Finally, the Court of Appeal noted that it was for the court to
continue to monitor the position as the trial progressed. Issues might
emerge during trial which affected the balance and required disclosure
"in the interests of securing fairness to the defendant". For this
reason it was important for the same judge or constitution of the court
which hears the application also to conduct the trial.
In November 1993 the House of Lords had decided R. v. Preston
which concerned the right of the defence to have access to material
obtained by a telephone tap authorised under the Interception of
Communications Act 1985 ["the 1985 Act"] (see also No. 24193/94, Dec.
2.7.97).
Section 2 empowers the Secretary of State to authorise the
interception of, inter alia, telephone calls. The purposes for which
the power may be exercised are circumscribed by the statute and are
confined by Section 2(2)(b) to the purpose of preventing or detecting
serious crime. Section 6 contains provisions for limiting dissemination
of intercepted material and for its destruction as soon as its
retention is no longer necessary. Lastly, Section 9(1)(b) provides,
inter alia, that no evidence shall be adduced, and no question in
cross-examination shall be asked, by any party in any proceedings
before a court or tribunal which tends to suggest that a warrant has
been or is to be issued authorising interception of communication.
The House of Lords considered these provisions in R. v. Preston.

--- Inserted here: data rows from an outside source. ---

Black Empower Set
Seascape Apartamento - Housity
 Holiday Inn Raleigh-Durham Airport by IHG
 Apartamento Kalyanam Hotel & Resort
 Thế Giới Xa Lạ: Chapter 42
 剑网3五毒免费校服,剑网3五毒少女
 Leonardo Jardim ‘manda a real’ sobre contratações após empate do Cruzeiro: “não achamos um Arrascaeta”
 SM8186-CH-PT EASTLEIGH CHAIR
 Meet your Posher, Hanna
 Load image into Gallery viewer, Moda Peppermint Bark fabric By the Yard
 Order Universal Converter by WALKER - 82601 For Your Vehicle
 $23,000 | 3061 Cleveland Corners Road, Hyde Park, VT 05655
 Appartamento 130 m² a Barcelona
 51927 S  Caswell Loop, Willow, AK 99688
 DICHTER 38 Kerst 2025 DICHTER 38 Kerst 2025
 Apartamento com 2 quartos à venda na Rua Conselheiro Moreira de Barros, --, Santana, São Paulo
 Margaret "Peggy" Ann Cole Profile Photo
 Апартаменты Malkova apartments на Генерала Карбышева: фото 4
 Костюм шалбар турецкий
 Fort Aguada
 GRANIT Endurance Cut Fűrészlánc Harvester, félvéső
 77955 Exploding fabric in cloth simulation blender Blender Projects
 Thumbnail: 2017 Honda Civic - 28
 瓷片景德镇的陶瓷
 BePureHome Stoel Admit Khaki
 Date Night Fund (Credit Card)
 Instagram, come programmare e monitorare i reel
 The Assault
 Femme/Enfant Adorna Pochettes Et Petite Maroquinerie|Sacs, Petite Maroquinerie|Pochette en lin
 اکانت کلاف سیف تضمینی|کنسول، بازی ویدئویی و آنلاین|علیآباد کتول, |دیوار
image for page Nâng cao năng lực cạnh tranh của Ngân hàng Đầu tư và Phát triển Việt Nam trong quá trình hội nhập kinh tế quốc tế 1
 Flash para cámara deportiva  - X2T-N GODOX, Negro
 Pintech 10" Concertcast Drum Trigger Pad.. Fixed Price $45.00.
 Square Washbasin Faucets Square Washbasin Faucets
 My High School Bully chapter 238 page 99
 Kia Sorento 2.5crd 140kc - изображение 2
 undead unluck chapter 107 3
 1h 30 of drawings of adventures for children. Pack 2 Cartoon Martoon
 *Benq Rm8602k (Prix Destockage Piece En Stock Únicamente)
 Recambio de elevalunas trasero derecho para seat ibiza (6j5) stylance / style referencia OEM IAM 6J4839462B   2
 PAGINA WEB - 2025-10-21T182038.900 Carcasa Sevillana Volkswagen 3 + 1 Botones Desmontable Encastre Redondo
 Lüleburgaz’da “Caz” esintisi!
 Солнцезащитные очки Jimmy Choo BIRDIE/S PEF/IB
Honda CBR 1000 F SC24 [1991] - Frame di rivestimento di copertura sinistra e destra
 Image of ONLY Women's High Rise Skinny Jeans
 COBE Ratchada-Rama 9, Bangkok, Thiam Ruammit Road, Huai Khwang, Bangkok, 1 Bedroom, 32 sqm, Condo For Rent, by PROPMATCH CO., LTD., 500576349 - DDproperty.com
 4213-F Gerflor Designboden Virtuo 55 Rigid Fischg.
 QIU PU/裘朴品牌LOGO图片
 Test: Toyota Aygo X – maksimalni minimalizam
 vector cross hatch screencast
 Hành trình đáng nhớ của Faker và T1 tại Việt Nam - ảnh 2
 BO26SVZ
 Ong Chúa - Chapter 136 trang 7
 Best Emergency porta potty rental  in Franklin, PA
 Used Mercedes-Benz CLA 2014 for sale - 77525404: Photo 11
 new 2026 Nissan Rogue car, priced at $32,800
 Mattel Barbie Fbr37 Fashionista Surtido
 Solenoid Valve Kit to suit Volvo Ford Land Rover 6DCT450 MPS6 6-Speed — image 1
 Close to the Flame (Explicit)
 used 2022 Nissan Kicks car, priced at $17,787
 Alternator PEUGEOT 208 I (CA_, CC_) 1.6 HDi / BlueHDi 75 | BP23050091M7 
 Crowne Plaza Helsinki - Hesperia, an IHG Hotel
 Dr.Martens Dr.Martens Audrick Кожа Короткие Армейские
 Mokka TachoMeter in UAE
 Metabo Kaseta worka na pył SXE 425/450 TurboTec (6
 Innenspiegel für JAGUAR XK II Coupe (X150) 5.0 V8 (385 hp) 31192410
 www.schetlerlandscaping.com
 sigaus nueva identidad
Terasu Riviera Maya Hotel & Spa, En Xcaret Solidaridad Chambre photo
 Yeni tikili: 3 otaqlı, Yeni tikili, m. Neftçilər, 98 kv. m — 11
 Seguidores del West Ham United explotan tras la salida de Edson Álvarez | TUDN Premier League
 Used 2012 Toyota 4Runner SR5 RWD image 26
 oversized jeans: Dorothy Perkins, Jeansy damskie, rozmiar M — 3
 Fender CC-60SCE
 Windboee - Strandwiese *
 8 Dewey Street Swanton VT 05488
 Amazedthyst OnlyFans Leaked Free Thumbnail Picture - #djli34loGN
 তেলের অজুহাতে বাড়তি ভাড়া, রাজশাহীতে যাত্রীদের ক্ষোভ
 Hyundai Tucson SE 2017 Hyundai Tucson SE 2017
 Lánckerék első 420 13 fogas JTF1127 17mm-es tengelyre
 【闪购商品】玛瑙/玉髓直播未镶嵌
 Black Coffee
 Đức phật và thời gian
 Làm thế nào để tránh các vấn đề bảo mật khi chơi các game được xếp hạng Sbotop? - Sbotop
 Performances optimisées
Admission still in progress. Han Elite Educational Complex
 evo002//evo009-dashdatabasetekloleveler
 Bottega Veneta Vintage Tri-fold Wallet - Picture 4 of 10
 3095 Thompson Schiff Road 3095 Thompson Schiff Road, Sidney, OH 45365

It was held that the purpose of 'preventing' serious crime in Section
2(2)(b) does not extend to the prosecution of such crime. It was not
the purpose of this Act that intercepted material should be used in
evidence. Indeed, the Secretary of State was under a duty to destroy
the intercepted material as soon as the object for which it was
collected was achieved, which will usually happen long before a
criminal trial has taken place. Accordingly, the House of Lords
regarded the 1985 Act as making an exception to the general rule that
the prosecution must disclose all unused material to the defence. Lord
Mustill made observations on the duties of the prosecution in this
regard. He reiterated that disclosure by the prosecution turns not on
admissibility but on materiality. The prosecution is therefore duty
bound to disclose material even if it would be inadmissible. Further,
material must not be withheld from prosecuting counsel on the ground
that it is inadmissible in evidence, for he could not perform his
broader duties to see justice done without knowing all the material
that there is to know.
In March 1994, the Court of Appeal gave judgment in R. v. Keane
which concerned a non-disclosure of the details of an informant by the
prosecution to the defence. This judgment highlighted two points. The
first concerns a matter of principle. The Court of Appeal held that
in every case in which the prosecution objects to the disclosure of
relevant material on grounds of public interest immunity, the judge
must balance the public interest in non-disclosure against the
importance to the defence of the materials in question. Moreover, if
the judge concludes that the material in question might prove the
defendant's innocence or avoid miscarriage of justice, he is duty bound
to order disclosure. The second point concerns the procedure to be
followed in determining a claim for immunity. The Court decided
thata judge may not sanction the withholding of evidence in a criminal
case without inspecting the evidence in private and satisfying himself
that its suppression would not result in miscarriage of justice.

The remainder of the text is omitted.